JAKARTA • Six countries - Brunei, Indonesia, Malaysia, the Philippines, Australia and New Zealand - yesterday agreed to strengthen cooperation to fight terrorism in the region.
All six had attended the first sub-regional meeting on foreign terrorists and cross-border terrorism in Manado, South Sulawesi.
Senior law enforcement officials from the six countries attended the one-day meeting which ended with a five-point action plan, according to a statement released by Indonesia's Coordinating Political, Legal and Security Ministry.
Two senior law enforcement sources at the meeting told Reuters news agency that agreement was also reached on more cooperation with countries in the Middle East in the fight against the Islamic State in Iraq and Syria (ISIS) militant group.
Several countries in the Middle East, including Turkey, are to attend a summit next month to kick off cooperation across the two regions, Reuters said.
The Manado meeting took place against the backdrop of the continuing battle between Philippine government troops and militants linked to ISIS, many of them foreign fighters, in the southern Philippine city of Marawi.
In particular, the sharing of intelligence is the essence of getting ahead of this problem.
AUSTRALIA'S ATTORNEY-GENERAL GEORGE BRANDIS
There are also growing fears of militants returning home as ISIS is defeated on the battlefield in Iraq and Syria.
The six countries agreed to set up a forum on foreign terrorist fighters to help strengthen cooperation on information-sharing and that between law enforcement officials and intelligence agencies, said the statement from the Indonesian security ministry.
They also agreed to encourage cooperation between governments and companies that provide social media services, video file sharing and messaging. The other points of action included fighting terror financing, stepping up cooperation on immigration issues and undertaking comparative studies on terrorism in their respective countries.

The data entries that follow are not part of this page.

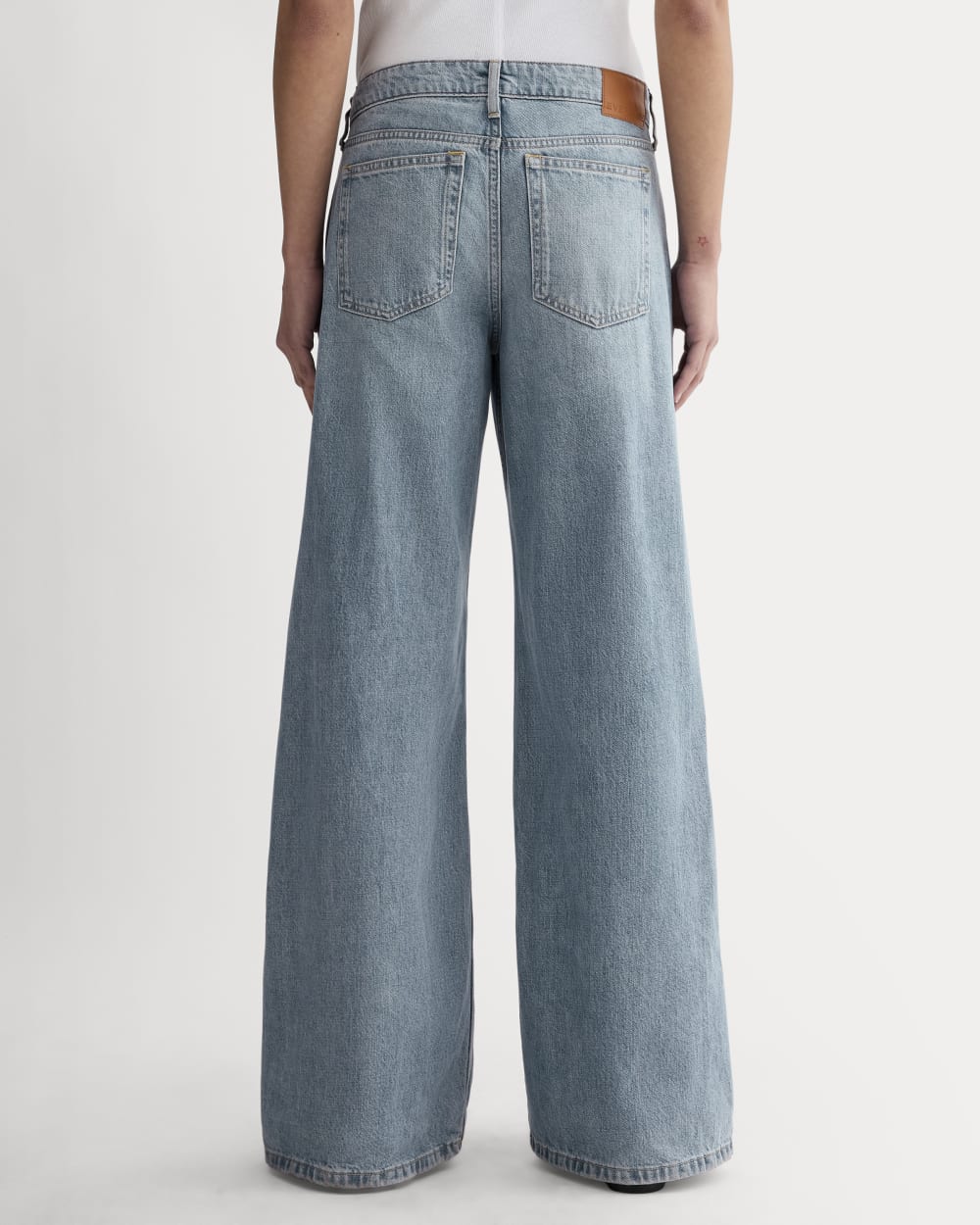 The Low-Key Jean | Light Indigo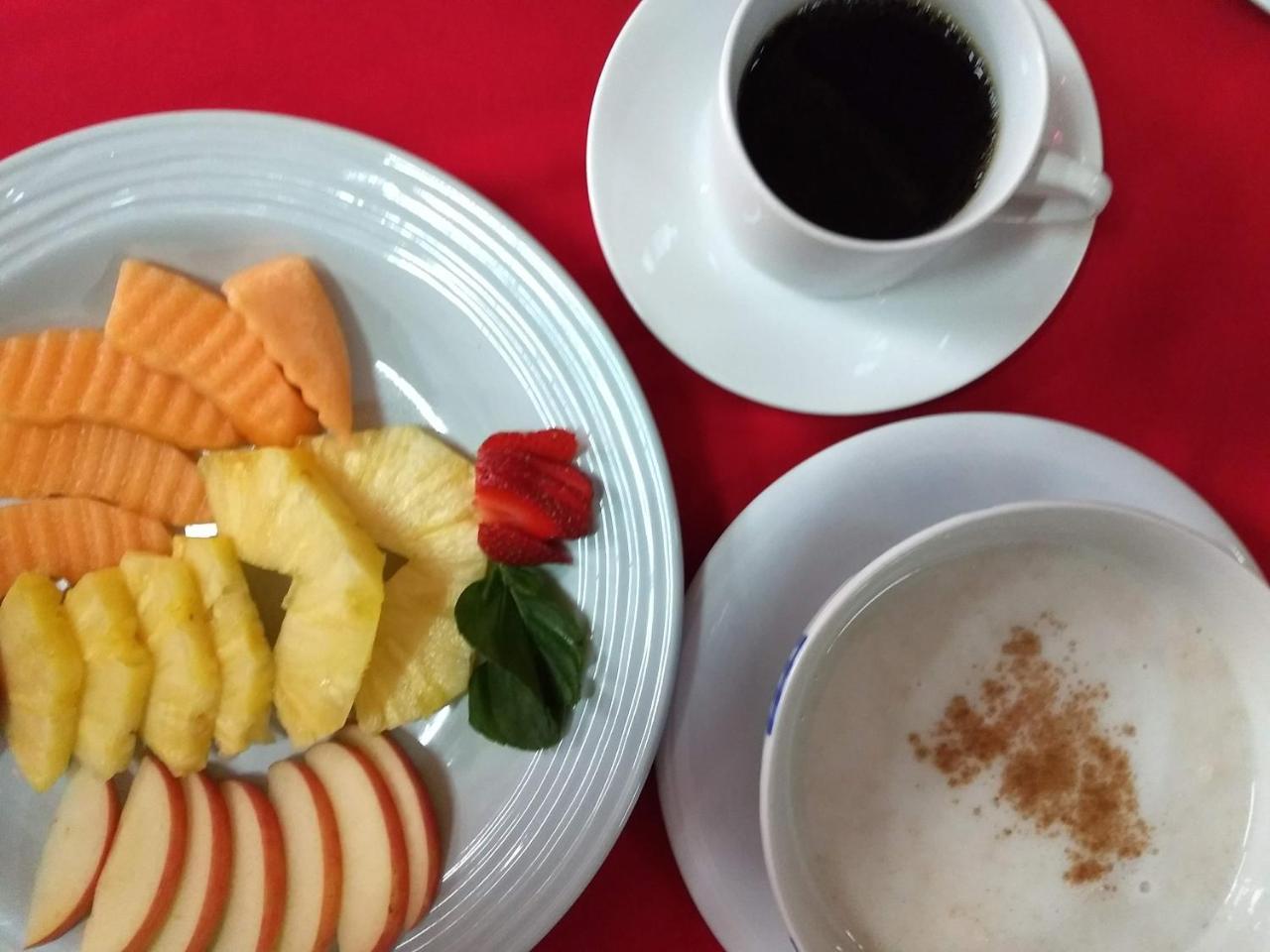グアテマラシティ Give House Bed & Breakfast エクステリア 写真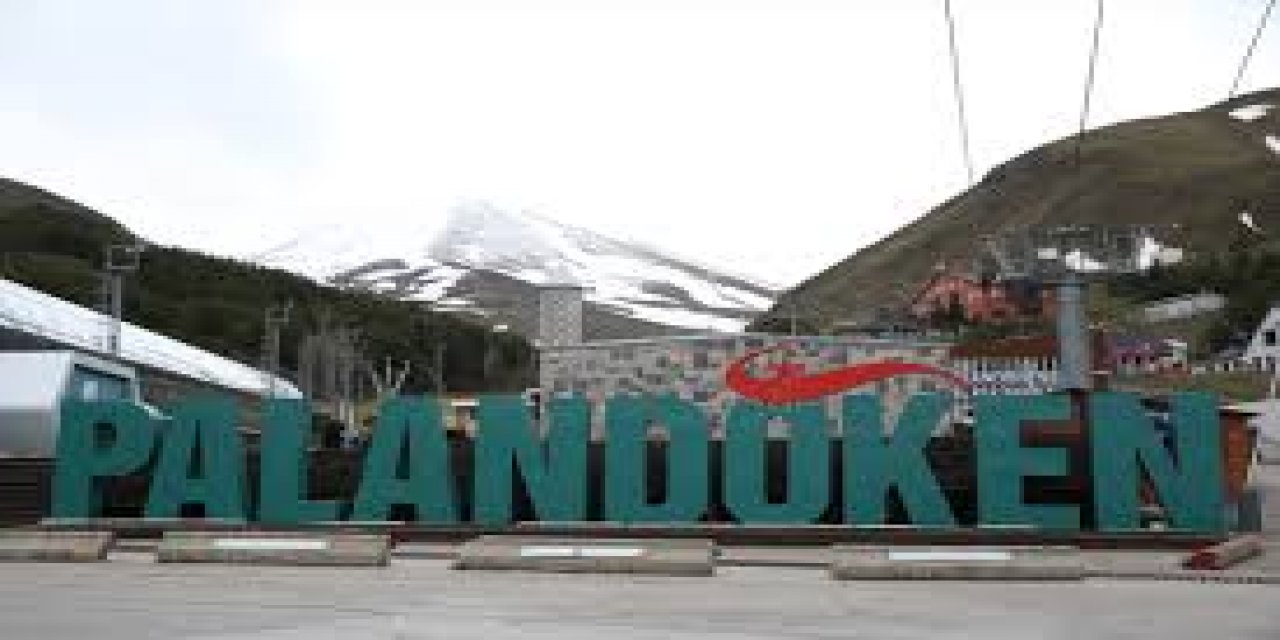 Erzurum'un Yüksek Kesimlerine Kar Yağdı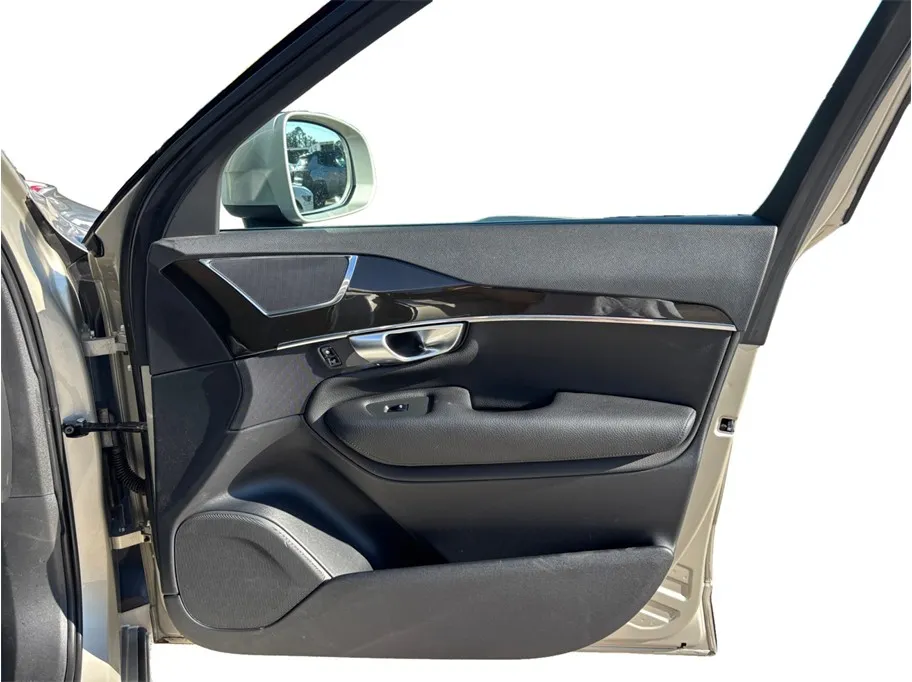 Volvo XC90 photo 47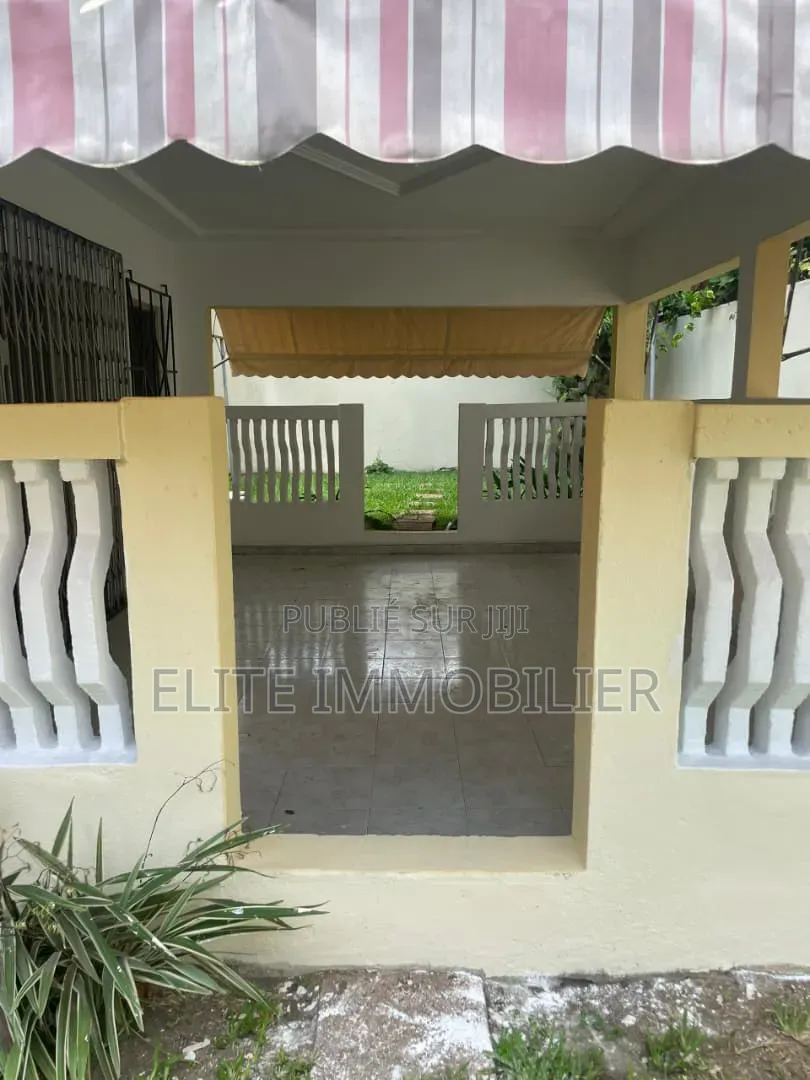 5chbre Villa dans Deux Plateaux, Cocody à Louer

"We have resolved today that this meeting will not be a one-off but would be the first of a series of meetings," Australia's Attorney- General George Brandis said in a press briefing after the meeting.
"The capacity building is primarily the sharing of information, intelligence, knowledge, techniques. In particular, the sharing of intelligence is the essence of getting ahead of this problem."
The ongoing crisis in Marawi began on May 23 when hundreds of gunmen from groups linked to ISIS stormed the mainly Muslim city of 200,000. Weeks of fighting have left much of Marawi in ruins.
Earlier this month, the Jakarta-based Institute for Policy Analysis of Conflict (Ipac) said in a report that the terrorist network responsible for the ongoing siege in Marawi had urged militants to attack targets in Singapore, Thailand, Myanmar, South Korea, Japan and China.
The network, run by Bahrumsyah, a young Indonesian fighter in Syria, and Malaysian former university lecturer Mahmud Ahmad, recruited fighters and carried out an audacious bid to seize Marawi as part of an ISIS aim to set up a caliphate in the region, stretching from Indonesia to the Philippines.
"The Marawi operations received direct funding from ISIS central and reveal a chain of command that runs from Syria through the Philippines to Indonesia and beyond," according to the Ipac report.